UBITECH presents a scientific paper on crowd sensing systems trustworthiness at IEEE MeditCom main theme

The paper “A Perfect Match: Deep Learning Towards Enhanced Data Trustworthiness in Crowd-Sensing Systems” has been accepted for presentation at the main track of the “IEEE International Mediterranean Conference on Communications and Networking” (MeditCom) that will take place 7-10 September 2021 in Athens, Greece. Dr Thanassis Giannetsos, Head of UBITECH’s Digital Security and Trusted Computing Research Group, and his co-authors propose the hybrid use of Deep Learning schemes (i.e., LSTMs) and conventional Machine Learning classifiers (i.e. One-Class Classifiers) for detecting and filtering out false data points due to malevolent input and faulty sensors, so as to cope with the presence of strong, colluding adversaries while at the same time efficiently managing this high influx of incoming user data in the context of the new Mobile Crowd Sensing (MCS) paradigm.

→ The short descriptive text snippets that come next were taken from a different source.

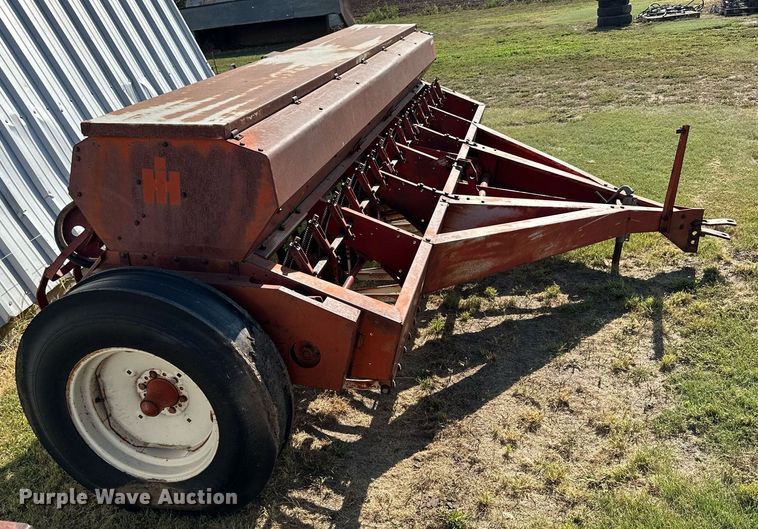 image for item NP9432 International 510  grain drill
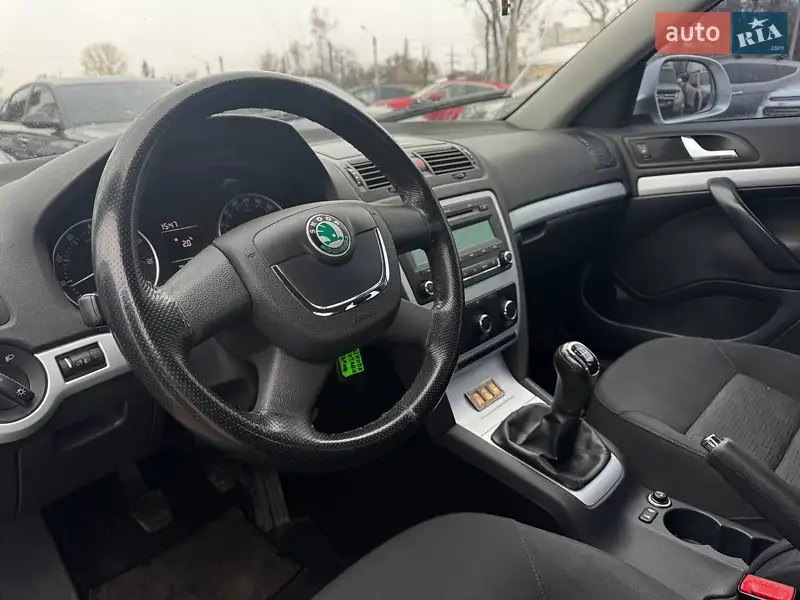 Лифтбек Skoda Octavia 2011 в 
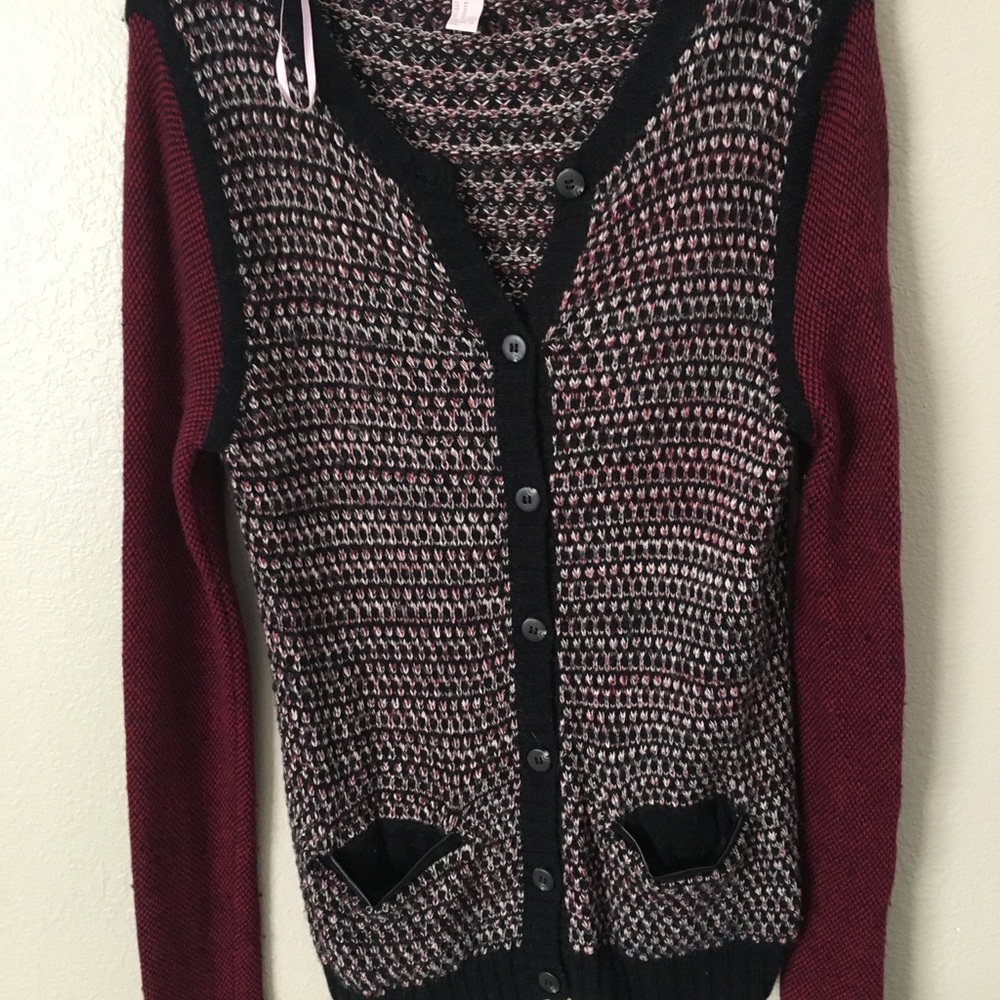 Chic Patterned sweater w/ leather trim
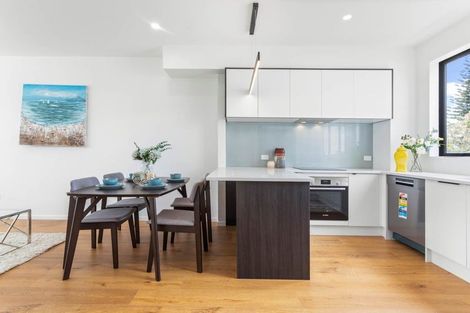 Photo of property in 1/2a Cambridge Road, Manurewa, Auckland, 2102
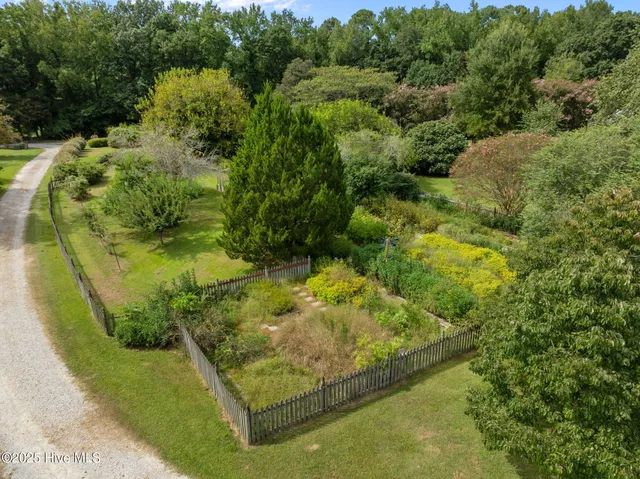 $950,000 | 7464 Highway 43, Macclesfield, NC 27852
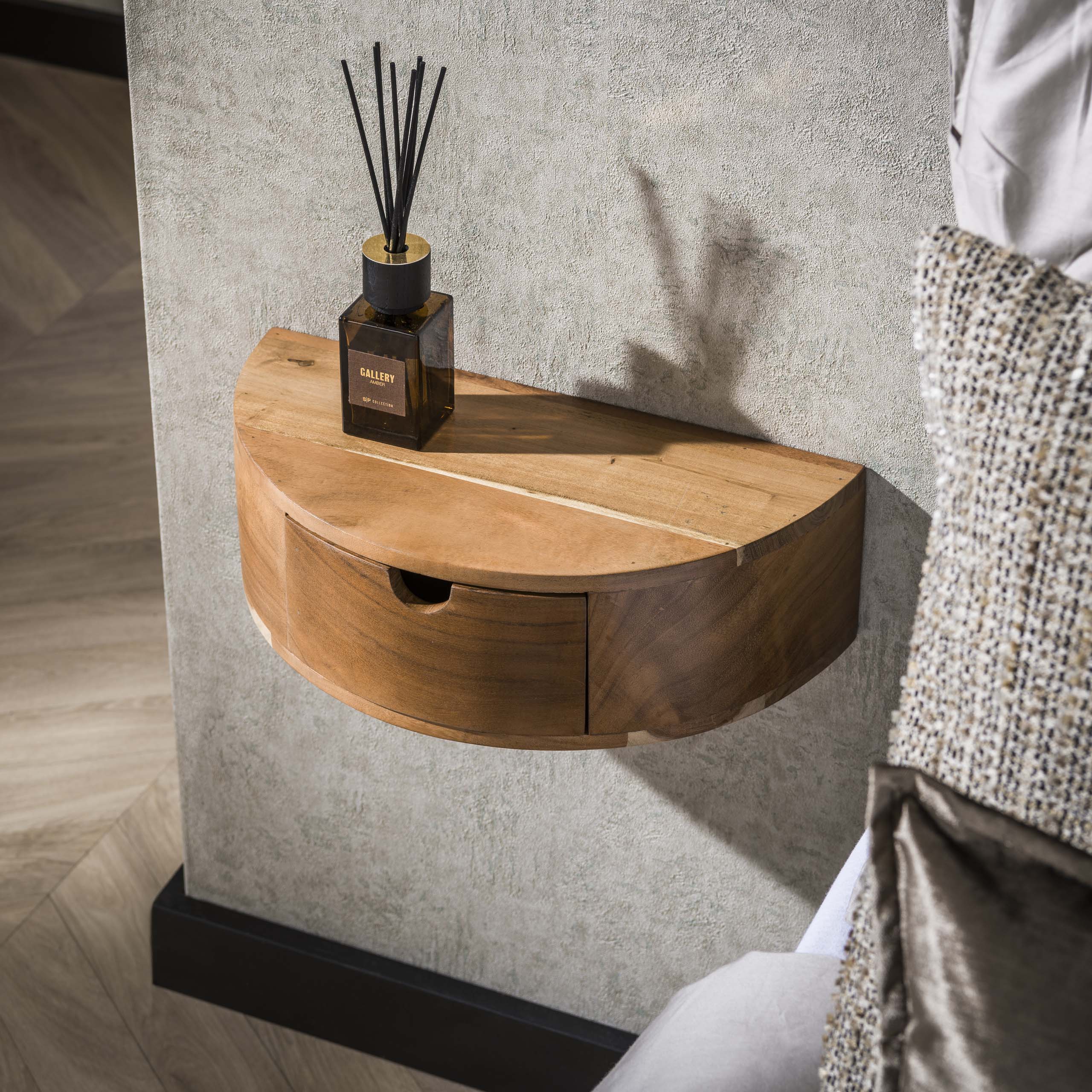Sängbord Curve flytande 1 låda - Solid akacia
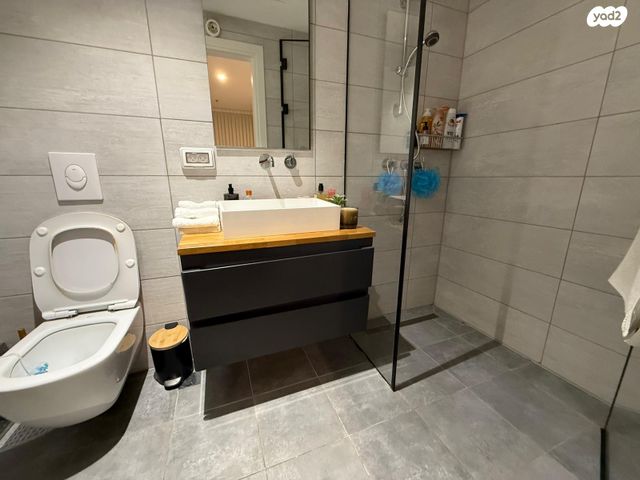 דירה, ניסים אלוני 2, צמרות איילון, פארק צמרת, תל אביב יפו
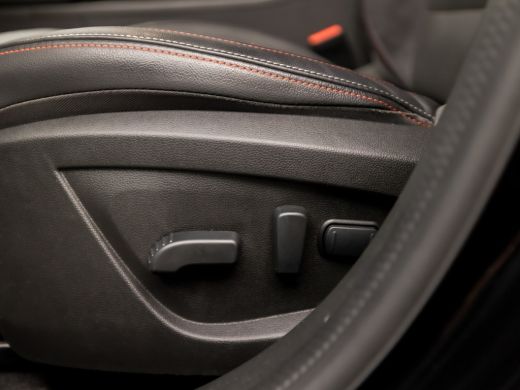 Renault Arkana 1.3 TCe 140 R.S. Line Sport 141Pk Automaat (GROOT NAVIGATIE, APPLE CARPLAY, CAMERA, LEDEREN SPORT... ActivLease financial lease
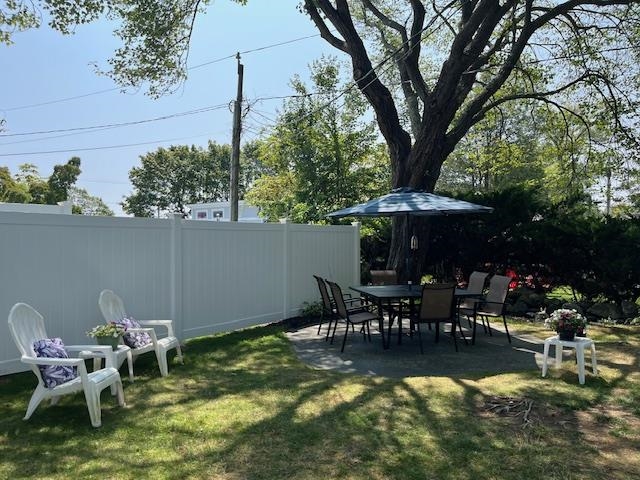 10 Powers Avenue Property Photo 28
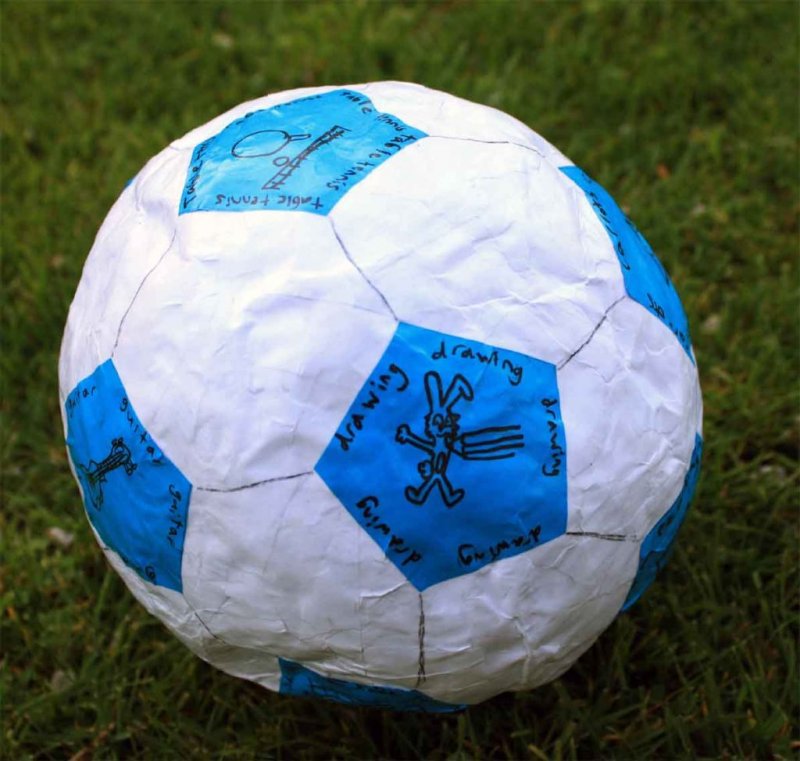 Футбольный мяч из папье маше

In particular, this paper proposes a novel data verification framework, called False Sequential data Detection (FSD), employing deep learning techniques in the form of neural networks to address the issue of possible data poisoning in MCS environments while demonstrating high accuracy and scalability. The co-authors define malicious data as falsified data exhibiting different statistical properties (from the real data provided by benign users), and their approach is leveraging sequential relationships of sensory data towards detecting malicious samples generated by adversaries or faulty components. More specifically, FSD offers: (i) Data verification by combining Deep Learning sequential architecture of Long Short Term Memories (LSTMs) with conventional one-class classifiers for distinguishing between “false” and “real” sam[1]ples, (ii) Proof-of-concept implementation evaluated under various testing scenarios using both real and synthetic datasets in order to have more flexibility on the type of experiments. FSD demonstrates high accuracy even when the distribution of data comes from adversaries that demonstrate very similar behavior with the legitimate user data, and (iii) Consideration of very strong colluding adversaries by composing two main attack strategies that represent different aspects of adversarial machine learning. In the context of data poisoning attacks (pre-training and post-training), the co-authors define cases where adversaries collude with each other in order to maximize their impact on the classification phase. FSD is still able to cope with these extreme adversarial strategies and achieve a high accuracy.